Resilience Roundup - Navigating through Large Display Networks in Dynamic Control Applications - Issue #31

If you’re in the Austin area: I’ll be speaking at DevOps Days Austin this week, if you’re there, come by and say hi!


Navigating through Large Display Networks in Dynamic Control Applications This is a paper by Dave Woods and Emilie M. Roth from the proceedings of the human factors Society 34th Annual Meeting from 1990.

One of the things that I really like about this paper is that it was written just as control rooms, for example, nuclear power plants were starting to change over to computerized displays. That was almost 30 years ago. And yet, the things the authors mention here don’t seem to have improved by a large degree, perhaps in pockets, but not across the board in software.

Obviously, some implementations of large monitoring displays have gotten better, but I don’t think that that is a universal truth. Thinking about some of the dashboards I’ve seen (or written for that matter), they vary widely in how effective they are in supporting diagnosis and investigation.

The authors say:

“we can use the power of the computer to put each piece of plant data in context that makes it meaningful for particular mode of system operation.”

I certainly agree, I just haven’t seen it much. Further they say:

“we can bring the data they need to the practitioners and display the data in different ways corresponding to the practitioner’s task”.

I don’t recall seeing this very often either. Sure, there are dashboards for a database or application or network, but very few that I’ve seen seem to be geared towards my task, so much as the system subset that the metrics came from.

The good thing about some of these things is that there is not really as much of a technological limitation in improving here. And leaves us lots of ways to make improvements to our existing setups.

The authors contrast traditional displays that have control panels and hardwired gauges with replacement systems that have computer monitors. They mention that the classic way of representing data in a computer-based system is hierarchical. And that a hierarchical system could indeed work if the computerized system only had 30 to 40 individual displays available.

“but when we are dealing with fully computerized control center that includes thousands of displays, hierarchical organization is inadequate and does not provide the navigational tools needed to deal the huge space of data display that is possible”

This seems very relevant to me today even almost 30 years on.

It’s important to note that the authors emphasize that many of these human factors issues in these control systems are not new. It’s not that the old system was great and it’s hard to replicate in a computer set up. It’s that there were some benefits to having that physical layout along with its resultant adaptations which are lost when we moved to computerization. Also, the amount of data and the different types of data can all be displayed in different ways now; in increasing ways. This opens up the possibility for new failure modes and new difficulties that weren’t present when using the old system.

“The shift to more computerization and control centers, where the computer can do much more processing, doesn’t eliminate all of the hard problems in control center design”

In the old system, with hardwired physical control panels you could walk into the room and immediately observe a lot of the design of the representation. You could see the work put into it.
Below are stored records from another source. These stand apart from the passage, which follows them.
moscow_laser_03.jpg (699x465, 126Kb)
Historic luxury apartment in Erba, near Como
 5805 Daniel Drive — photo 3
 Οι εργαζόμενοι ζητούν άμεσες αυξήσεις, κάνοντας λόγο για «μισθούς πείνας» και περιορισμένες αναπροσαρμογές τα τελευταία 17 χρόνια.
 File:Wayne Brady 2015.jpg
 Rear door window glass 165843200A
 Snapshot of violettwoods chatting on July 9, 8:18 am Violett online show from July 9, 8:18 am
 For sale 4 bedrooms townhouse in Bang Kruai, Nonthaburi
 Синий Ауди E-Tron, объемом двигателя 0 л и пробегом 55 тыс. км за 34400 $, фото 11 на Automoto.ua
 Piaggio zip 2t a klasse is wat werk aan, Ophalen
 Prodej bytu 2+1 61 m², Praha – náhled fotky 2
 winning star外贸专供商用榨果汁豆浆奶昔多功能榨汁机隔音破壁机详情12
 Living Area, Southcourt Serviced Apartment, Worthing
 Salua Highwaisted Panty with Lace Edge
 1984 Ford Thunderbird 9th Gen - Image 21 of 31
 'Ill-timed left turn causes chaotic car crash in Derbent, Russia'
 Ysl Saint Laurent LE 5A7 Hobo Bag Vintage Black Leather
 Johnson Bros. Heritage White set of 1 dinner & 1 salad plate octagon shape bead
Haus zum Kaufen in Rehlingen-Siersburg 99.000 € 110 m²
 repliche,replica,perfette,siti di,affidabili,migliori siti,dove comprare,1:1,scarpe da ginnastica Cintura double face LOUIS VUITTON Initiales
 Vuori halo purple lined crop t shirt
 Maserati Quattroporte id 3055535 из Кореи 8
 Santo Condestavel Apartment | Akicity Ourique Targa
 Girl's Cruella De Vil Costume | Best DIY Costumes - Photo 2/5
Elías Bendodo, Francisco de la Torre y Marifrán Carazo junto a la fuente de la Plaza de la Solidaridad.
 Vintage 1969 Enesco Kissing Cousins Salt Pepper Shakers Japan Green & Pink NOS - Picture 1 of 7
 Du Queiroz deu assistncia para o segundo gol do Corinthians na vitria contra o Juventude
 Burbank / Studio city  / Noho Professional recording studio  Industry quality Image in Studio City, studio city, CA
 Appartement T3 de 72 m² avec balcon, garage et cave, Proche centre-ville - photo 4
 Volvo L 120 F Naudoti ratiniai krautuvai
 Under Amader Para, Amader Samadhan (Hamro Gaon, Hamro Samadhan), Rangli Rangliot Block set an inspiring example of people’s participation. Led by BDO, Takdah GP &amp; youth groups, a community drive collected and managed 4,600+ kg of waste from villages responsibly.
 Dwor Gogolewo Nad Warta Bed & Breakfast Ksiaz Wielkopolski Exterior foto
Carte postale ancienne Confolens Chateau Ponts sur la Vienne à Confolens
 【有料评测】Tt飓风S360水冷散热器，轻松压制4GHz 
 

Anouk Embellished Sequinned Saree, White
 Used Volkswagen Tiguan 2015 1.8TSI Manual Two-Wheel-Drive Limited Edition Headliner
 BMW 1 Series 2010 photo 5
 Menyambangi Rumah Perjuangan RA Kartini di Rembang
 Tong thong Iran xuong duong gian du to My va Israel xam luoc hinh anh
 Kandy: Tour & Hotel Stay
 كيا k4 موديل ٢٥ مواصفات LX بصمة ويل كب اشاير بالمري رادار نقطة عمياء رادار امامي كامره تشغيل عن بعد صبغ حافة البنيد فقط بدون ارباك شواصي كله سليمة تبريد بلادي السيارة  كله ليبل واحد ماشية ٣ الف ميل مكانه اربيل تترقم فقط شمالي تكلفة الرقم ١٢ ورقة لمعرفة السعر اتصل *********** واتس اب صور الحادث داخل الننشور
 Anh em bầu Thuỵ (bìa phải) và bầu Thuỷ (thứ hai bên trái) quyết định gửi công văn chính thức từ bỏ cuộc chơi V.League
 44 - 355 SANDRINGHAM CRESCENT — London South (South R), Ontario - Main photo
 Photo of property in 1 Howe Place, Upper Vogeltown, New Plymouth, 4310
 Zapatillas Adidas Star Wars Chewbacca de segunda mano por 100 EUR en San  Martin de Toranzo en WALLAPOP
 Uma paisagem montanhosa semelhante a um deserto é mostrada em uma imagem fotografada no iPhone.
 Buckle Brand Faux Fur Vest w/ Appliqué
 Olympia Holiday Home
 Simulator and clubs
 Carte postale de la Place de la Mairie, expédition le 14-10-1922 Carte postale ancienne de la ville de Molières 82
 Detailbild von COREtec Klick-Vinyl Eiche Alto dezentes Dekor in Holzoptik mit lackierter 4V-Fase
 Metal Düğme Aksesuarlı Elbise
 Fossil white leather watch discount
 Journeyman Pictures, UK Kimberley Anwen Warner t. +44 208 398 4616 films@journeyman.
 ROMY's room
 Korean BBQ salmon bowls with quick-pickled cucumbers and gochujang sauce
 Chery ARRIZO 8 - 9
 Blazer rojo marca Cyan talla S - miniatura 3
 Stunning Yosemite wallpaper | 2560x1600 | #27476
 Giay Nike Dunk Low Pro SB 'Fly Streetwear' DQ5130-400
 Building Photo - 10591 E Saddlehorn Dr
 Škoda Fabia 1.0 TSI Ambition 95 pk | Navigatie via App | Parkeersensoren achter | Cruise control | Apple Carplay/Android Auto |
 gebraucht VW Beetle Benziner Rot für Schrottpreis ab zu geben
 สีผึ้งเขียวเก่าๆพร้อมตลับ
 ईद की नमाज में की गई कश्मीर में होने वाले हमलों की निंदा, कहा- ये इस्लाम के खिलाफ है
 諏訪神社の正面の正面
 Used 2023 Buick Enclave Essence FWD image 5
You could notice, for example, how things were clustered or how many inputs were available to monitor. Whereas in the computer model this is really the opposite. You can see almost none of the design of the representation. Sure, you can see where the monitors are, maybe even where the computers are located, but you can’t see any of the design results or potential complexity that is there.

“the real design action potential complexity is behind the screens in the thousands of displays that an operator could call up”.

The authors provide examples of (a then) new plant in France whose fully computerized control room had over 10,000 different displays that could be called up by an operator or an operating room patient monitoring system that had over 150 different screens to operate.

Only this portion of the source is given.